**WORK TASK**
Give the listing again in full and exactly, apart from its pictures.

**TASK MATERIAL**
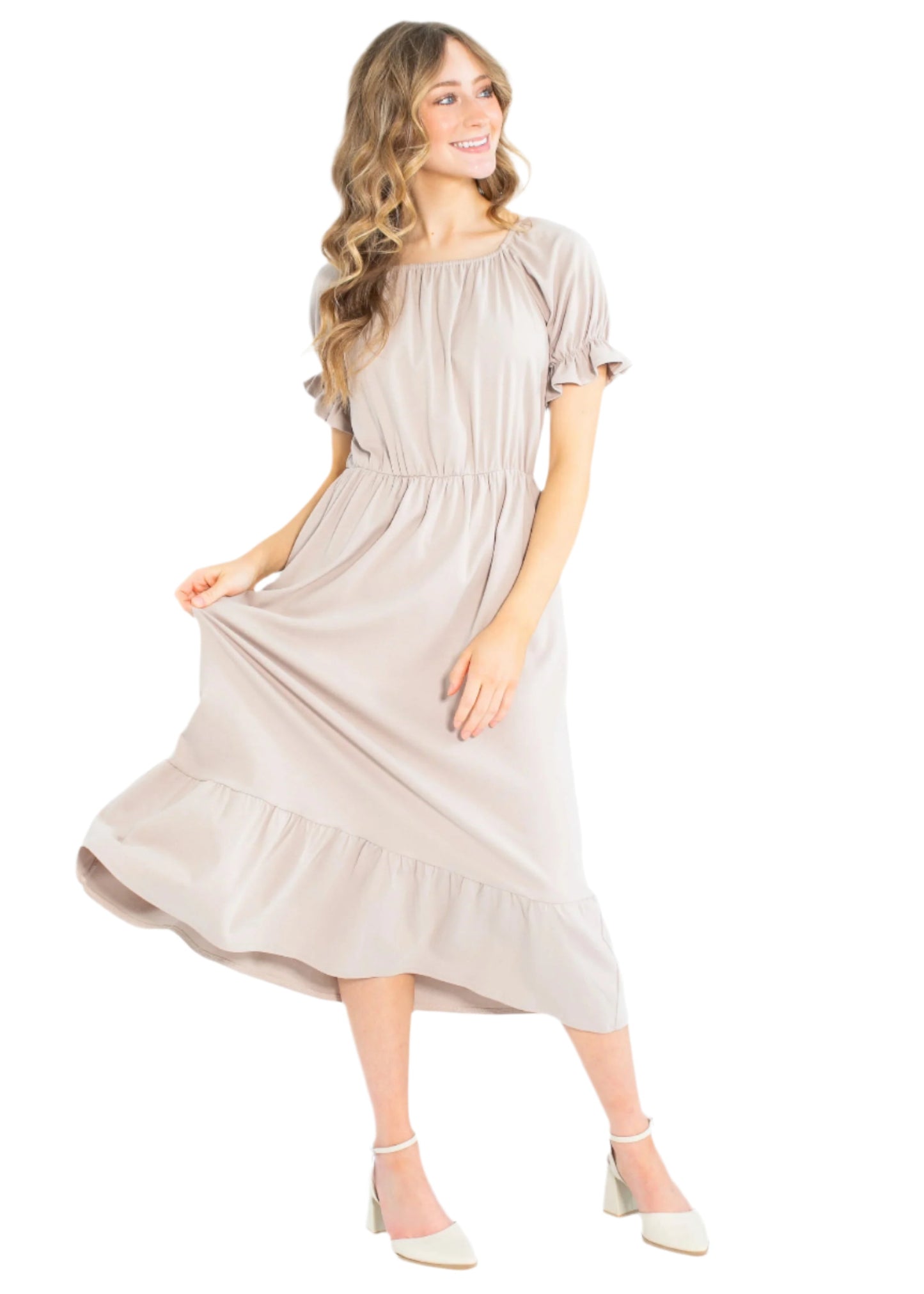 Amy Puff Sleeve Midi Dress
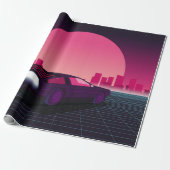 Retro future. 80s style sci-fi background with sup cadeaupapier (Uitgerold)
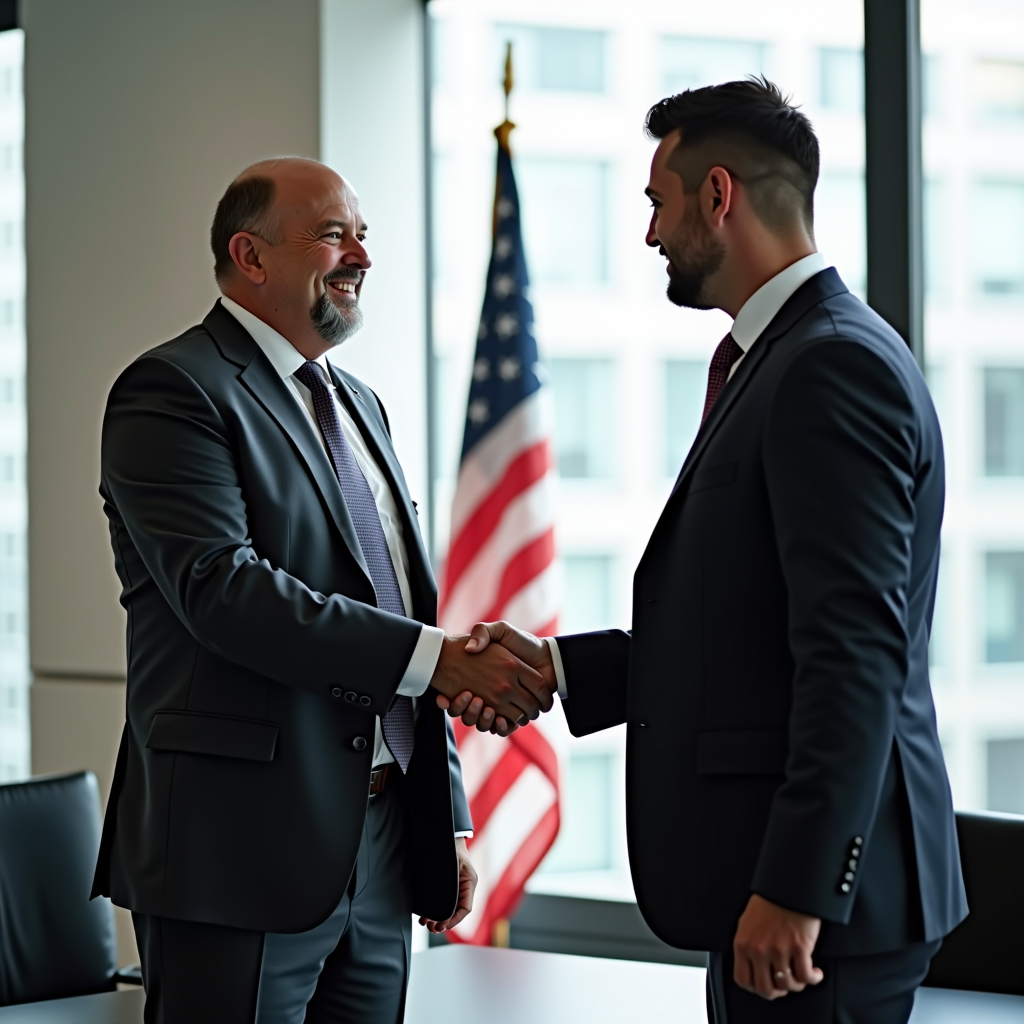 Professional veteran in business suit confidently shaking hands with civilian hiring manager in a bright, modern office environment with American flag visible in background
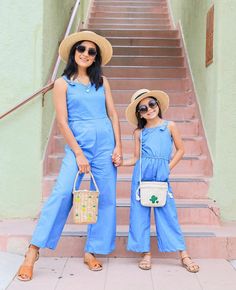 "This Chambray M O M M Y + M E jumpsuit is MUST HAVE this summer! Plus, it has pockets I T E M D E S C R I P T I O N * Material: 95% Polyester 5% Spandex * Sizing runs true to size * Back white zipper on Adult * It has pockets!! * Calf length * Sizing runs true to size; fitted. We only recommend sizing up if you would some extra wiggle room. * Infant sizes include snaps between the legs to make diaper changes easy and fuss-free. S I Z I N G Adult: S: Length 52.5\" | Chest 34\" | Waist 29\" | Leg Playful Spring Overalls Jumpsuits And Rompers, Playful Spring Jumpsuits And Rompers, Playful Spring Overalls And Rompers, Playful Spring Jumpsuits And Rompers For Playdate, Trendy Cotton Jumpsuits And Rompers For Vacation, Playful Cotton Jumpsuits And Rompers For Vacation, Casual Sleeveless Jumpsuit And Romper Matching Set, Casual Sleeveless Jumpsuits And Rompers Matching Set, Casual Sleeveless Jumpsuit And Romper Set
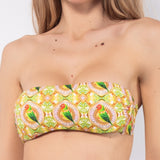 Bikini a fascia con coppe imbottite estraibili - ARANCIO - PT30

**RESULT OF THIS TASK**
 Amy Puff Sleeve Midi Dress
 Retro future. 80s style sci-fi background with sup cadeaupapier (Uitgerold)
 Professional veteran in business suit confidently shaking hands with civilian hiring manager in a bright, modern office environment with American flag visible in background
 "This Chambray M O M M Y + M E jumpsuit is MUST HAVE this summer! Plus, it has pockets I T E M D E S C R I P T I O N * Material: 95% Polyester 5% Spandex * Sizing runs true to size * Back white zipper on Adult * It has pockets!! * Calf length * Sizing runs true to size; fitted. We only recommend sizing up if you would some extra wiggle room. * Infant sizes include snaps between the legs to make diaper changes easy and fuss-free. S I Z I N G Adult: S: Length 52.5\" | Chest 34\" | Waist 29\" | Leg Playful Spring Overalls Jumpsuits And Rompers, Playful Spring Jumpsuits And Rompers, Playful Spring Overalls And Rompers, Playful Spring Jumpsuits And Rompers For Playdate, Trendy Cotton Jumpsuits And Rompers For Vacation, Playful Cotton Jumpsuits And Rompers For Vacation, Casual Sleeveless Jumpsuit And Romper Matching Set, Casual Sleeveless Jumpsuits And Rompers Matching Set, Casual Sleeveless Jumpsuit And Romper Set
 Bikini a fascia con coppe imbottite estraibili - ARANCIO - PT30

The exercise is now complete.